Mistake #6: Trying to Lead in Isolation
Leadership can feel lonely, especially when you're part of a marginalized community. You might feel like you need to have all the answers, handle everything yourself, or avoid showing vulnerability.
But isolation accelerates burnout. When you don't have support systems, connection, or safe spaces to process challenges, you're trying to fill everyone else's cup while yours runs empty.
How to fix it: Invest in relationships, both with your team and with other leaders who understand your experience.
Create regular one-on-ones with your team members. Not just about work, but about them as people. Ask how they're really doing. Share appropriate parts of your own experience.

Find your people outside your organization too. Connect with other LGBTQ+ leaders, join professional networks, find a mentor or coach who gets it.
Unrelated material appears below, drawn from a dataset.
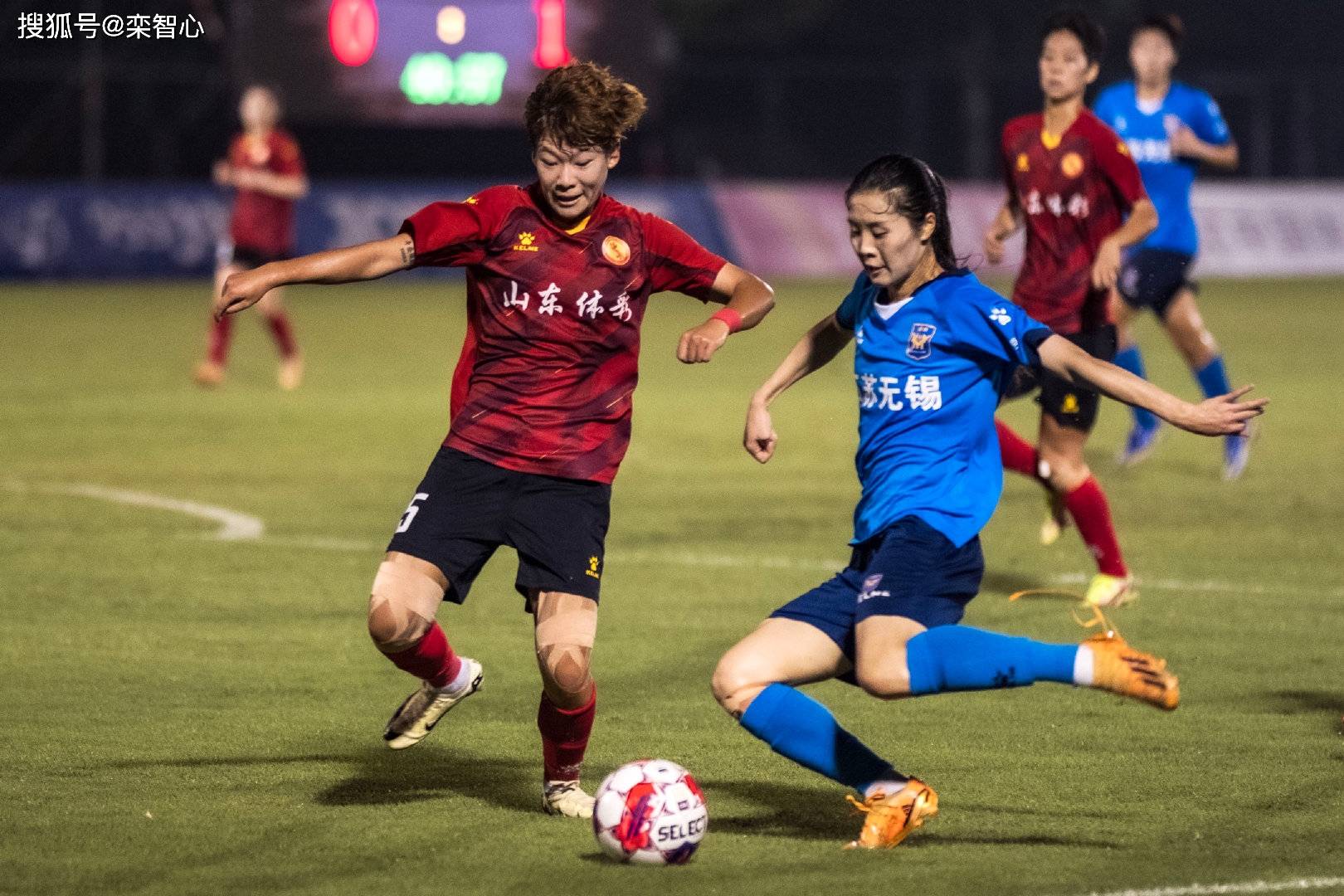 国内女足联赛激烈对决迎来高潮的简单介绍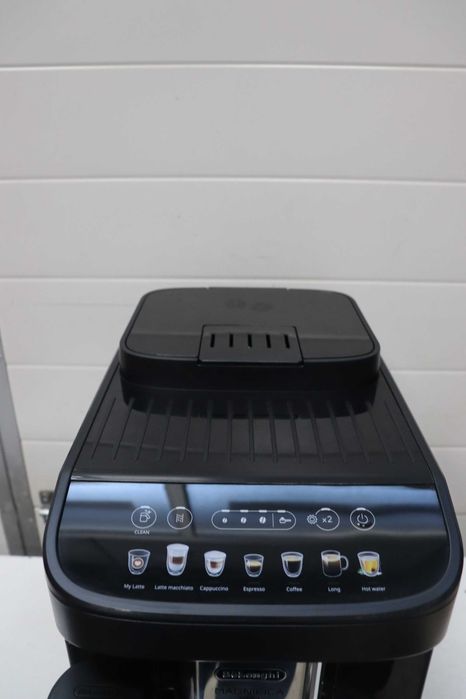 De'Longhi Magnifica Evo, Кафемашина, 1450W, 1,8л ECAM292.81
Build a workplace culture where people feel seen and valued for who they are, not just what they produce. This reduces everyone's emotional labor and creates genuine connection.
Mistake #7: Fighting Battles You Can't Win
You can't control the economy. You can't control organizational restructuring. You can't control whether some people will be accepting of your identity. You can't control every aspect of your team's experience.
But many leaders exhaust themselves trying to control things outside their influence while neglecting what they actually can change.
How to fix it: Focus ruthlessly on your sphere of influence. You can control your team's workload, the inclusivity of your policies, the psychological safety of your workspace, and the support systems you provide.
Make a list of everything that's stressing you out. Draw two columns: "I can influence this" and "This is outside my control." Put your energy only into the first column.
For LGBTQ+ leaders, this might mean accepting that you can't change every person's mind about LGBTQ+ issues, but you can create policies and practices that protect and support your team members.
Your Next Step
Burnout prevention isn't about perfection, it's about awareness and intentional action. You don't have to fix everything at once.
Pick one mistake from this list. The one that made you think, "Oh no, that's definitely me." Start there.
Remember: you can't pour from an empty cup, and your team needs you to model sustainability, not martyrdom. Taking care of yourself isn't selfish: it's essential leadership.
You're already doing harder things than most people can imagine. You've got this.